Look below for the line containing "Daire Haven Just" and the line containing "new 2025 Jeep", then set down both and every line between them exactly, without pictures.

*** PROVIDED MATERIAL ***

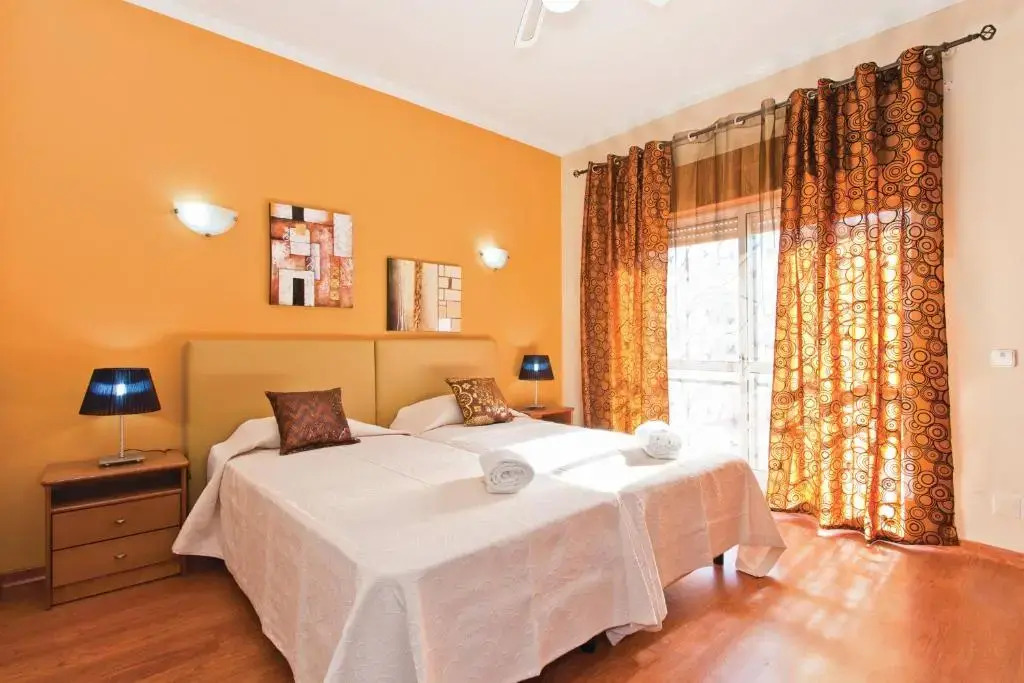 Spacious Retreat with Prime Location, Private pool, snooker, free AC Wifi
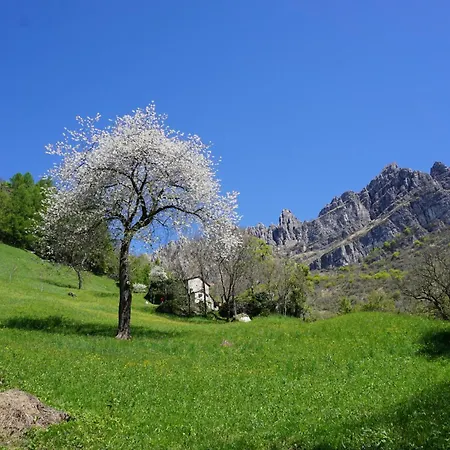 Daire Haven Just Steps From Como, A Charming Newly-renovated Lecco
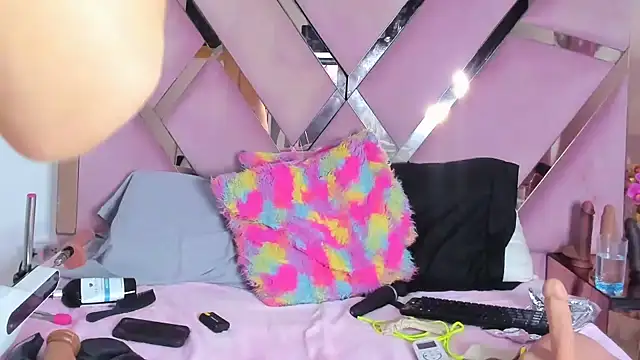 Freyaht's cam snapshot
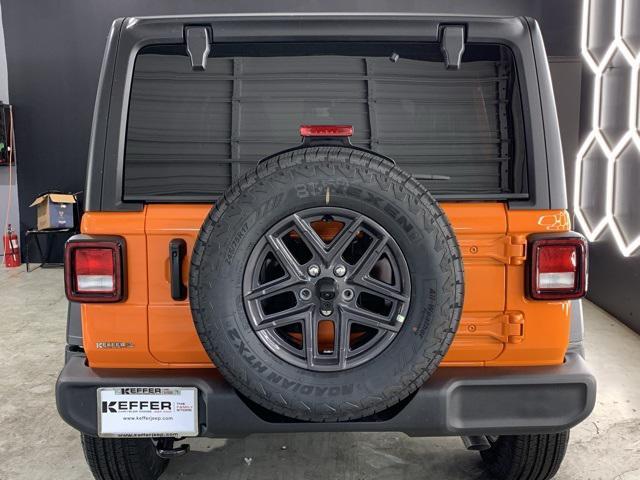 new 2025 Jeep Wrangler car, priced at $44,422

*** End of PROVIDED MATERIAL ***
*** PROVIDED MATERIAL ***

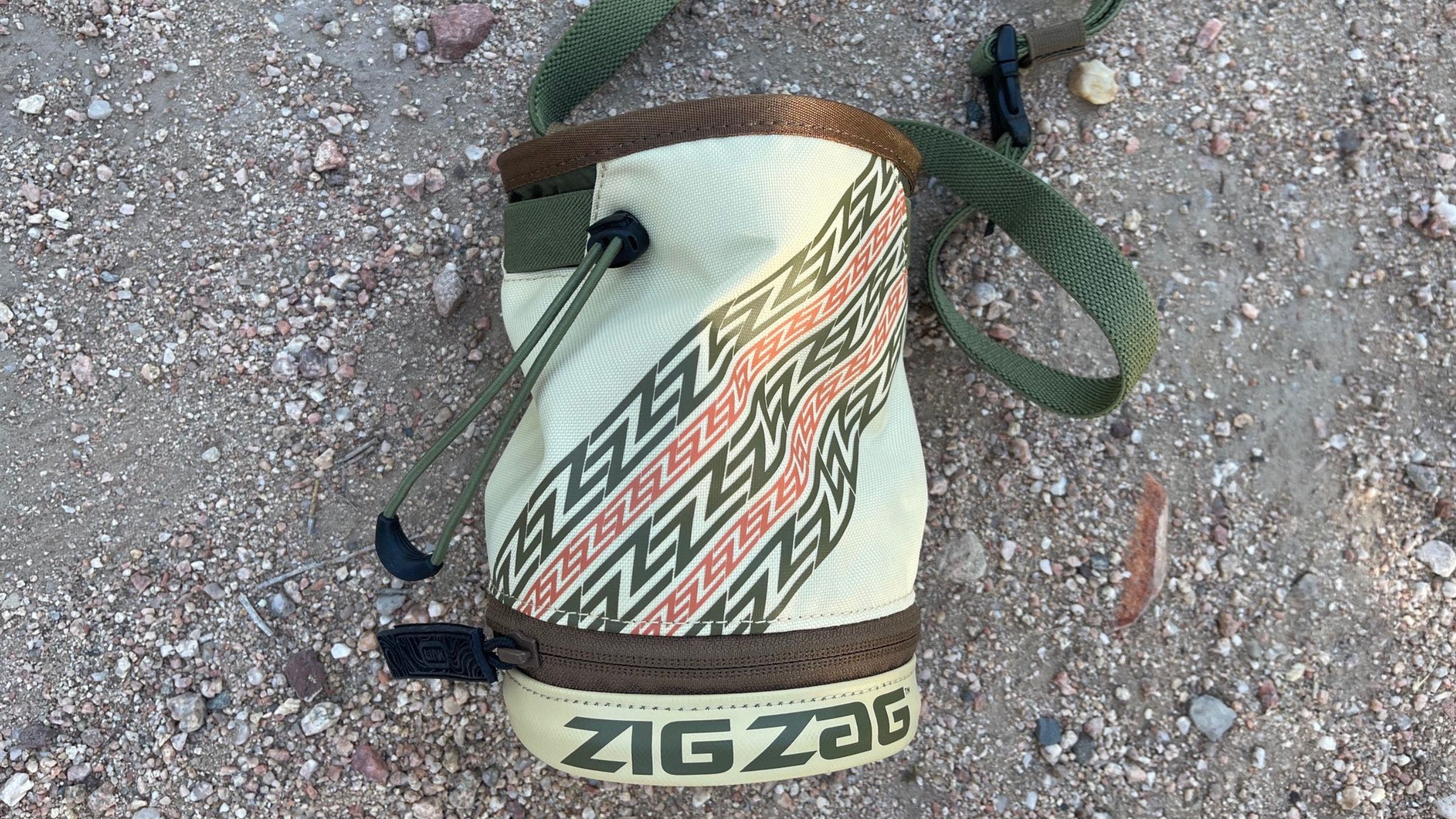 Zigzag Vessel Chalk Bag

*** End of PROVIDED MATERIAL ***
*** PROVIDED MATERIAL ***

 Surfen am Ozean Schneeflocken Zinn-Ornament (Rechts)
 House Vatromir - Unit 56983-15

*** End of PROVIDED MATERIAL ***

» **TASK SOLUTION**:
 Daire Haven Just Steps From Como, A Charming Newly-renovated Lecco
 Freyaht's cam snapshot
 new 2025 Jeep Wrangler car, priced at $44,422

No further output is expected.